Spanish Dominican missionary

Domingo de la Anunciación (1510–1591), born Juan de Ecija (also spelled as Ecía), was a Spanish Dominican missionary in New Spain (now Mexico).

==Biography==
He was born in Fuente Obejuna as Juan de Ecija. At the age of 13, he requested to be admitted to the Order of St. Francis, but was denied. His father, Hernando de Ecija, died in 1528, and Juan and his elder brother Hernando de Paz moved to New Spain. There, Hernando became a secretary to the Royal Audiencia of Mexico. Juan became a member of the Dominican Order and assumed his new name Domingo de la Anunciación.

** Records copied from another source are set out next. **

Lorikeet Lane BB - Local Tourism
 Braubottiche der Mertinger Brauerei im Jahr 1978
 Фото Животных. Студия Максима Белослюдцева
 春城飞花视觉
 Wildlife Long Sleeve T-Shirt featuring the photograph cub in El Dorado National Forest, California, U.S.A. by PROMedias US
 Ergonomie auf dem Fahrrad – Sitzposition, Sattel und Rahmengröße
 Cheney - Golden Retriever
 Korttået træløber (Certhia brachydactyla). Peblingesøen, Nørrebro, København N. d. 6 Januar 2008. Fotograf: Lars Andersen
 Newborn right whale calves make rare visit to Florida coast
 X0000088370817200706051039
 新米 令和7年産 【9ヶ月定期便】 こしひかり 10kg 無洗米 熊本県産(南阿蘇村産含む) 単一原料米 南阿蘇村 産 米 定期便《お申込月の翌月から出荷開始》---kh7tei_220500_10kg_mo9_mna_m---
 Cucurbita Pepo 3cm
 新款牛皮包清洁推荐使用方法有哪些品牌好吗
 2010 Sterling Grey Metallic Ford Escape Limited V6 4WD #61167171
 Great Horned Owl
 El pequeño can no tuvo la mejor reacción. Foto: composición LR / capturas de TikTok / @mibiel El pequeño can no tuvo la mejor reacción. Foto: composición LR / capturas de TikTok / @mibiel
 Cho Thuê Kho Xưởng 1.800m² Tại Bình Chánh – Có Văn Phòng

Domingo was considered of the most zealous instructors of the Mexican Indians. During the epidemic of 1545, he went from village to village to attend the natives.

In 1559, Domingo de la Anunciación, Domingo de Salazar, and a lay brother joined Tristán de Luna y Arellano on his expedition to southwestern Florida. The group traveled near to what is now the Caloosahatchee River, where they were shipwrecked and deprived of resources.

After de la Anunciación returned to Mexico, he returned to Mexico to continue teaching. In 1565 he published his only known work, a book of Christian doctrine in Spanish and Nahuatl entitled Doctrina cristiana breve y compendiosa por vía de diálogo entre un maestro y un discípulo.

In 1585, Domingo became blind and retired from teaching; he died in 1591. After his brother's death, Herando de Paz became a Dominican and a member of the order.

Diego Aduarte mentioned de la Anunciación in one of his works. Agustín Dávila Padilla also wrote about him.